Nieves, que le miraba de hito en hito, viéndole tan apurado se echó a reír y le puso las manos sobre los hombros.
—¿Quieres que me ponga a bailar por la noticia?—le preguntó—. Dime que sí, y ya estoy bailando.
—¡Pataratas!—respondió Bermúdez fingiéndose más contrariado de lo que estaba—. Yo no quiero extremos, Nieves: no quiero otra cosa que lo regular. A mí se me figuró que la noticia había de alegrarte, y vine corriendo a dártela.

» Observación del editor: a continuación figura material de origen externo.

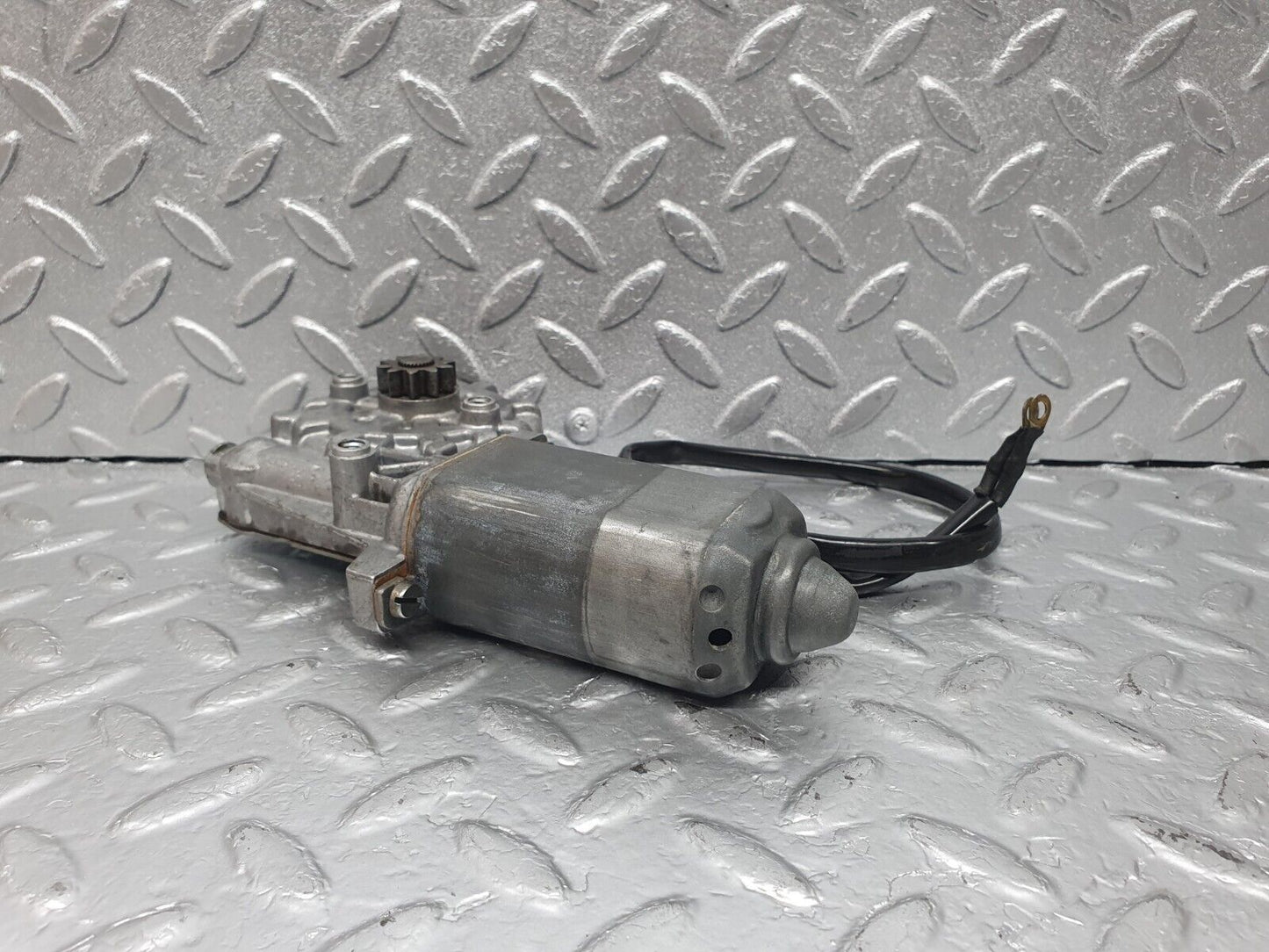 43651 Mercedes-Benz C126 380SEC Coupe Left Door Power Window Regulator Motor Bosch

—Y me alegra, papá, y te la agradezco mucho; sólo que yo soy así, vamos, poco aparatosa para expresar lo que siento. No es culpa mía, qué quieres.
—¡Si lo sé, hija, si lo sé!... Pero se me figuraba a mí que, en vista de esta noticia, cuando menos confesarías la razón que tengo para apurarme muchas veces por un asunto que a ti te hace reír: el asunto de su gabinete, que continúa a estas fechas a medio arreglar.
—Abajo tiene el que le destina Rufita, bien emperifollado.
—¡Otra vez la broma! Pues mira, Nieves: me carga por ser broma, y por lo de Rufita; ya sabes que tengo atravesada aquí, detrás de la misma nuez, a esa tarasca de los demonios, grosera y sin pizca de educación.
—¡Es posible que lo tomes en serio? ¡Bah! A mí me incomoda un poco cuando la oigo disparatar... y eso por lo que va conmigo; pero en cuanto la pierdo de vista, te juro que me hace reír... Ríete tú también... Pero ¡ay, Dios mío!... Si Nacho ha salido de Méjico, ya no puede recibir allá la carta que yo pensaba escribirle.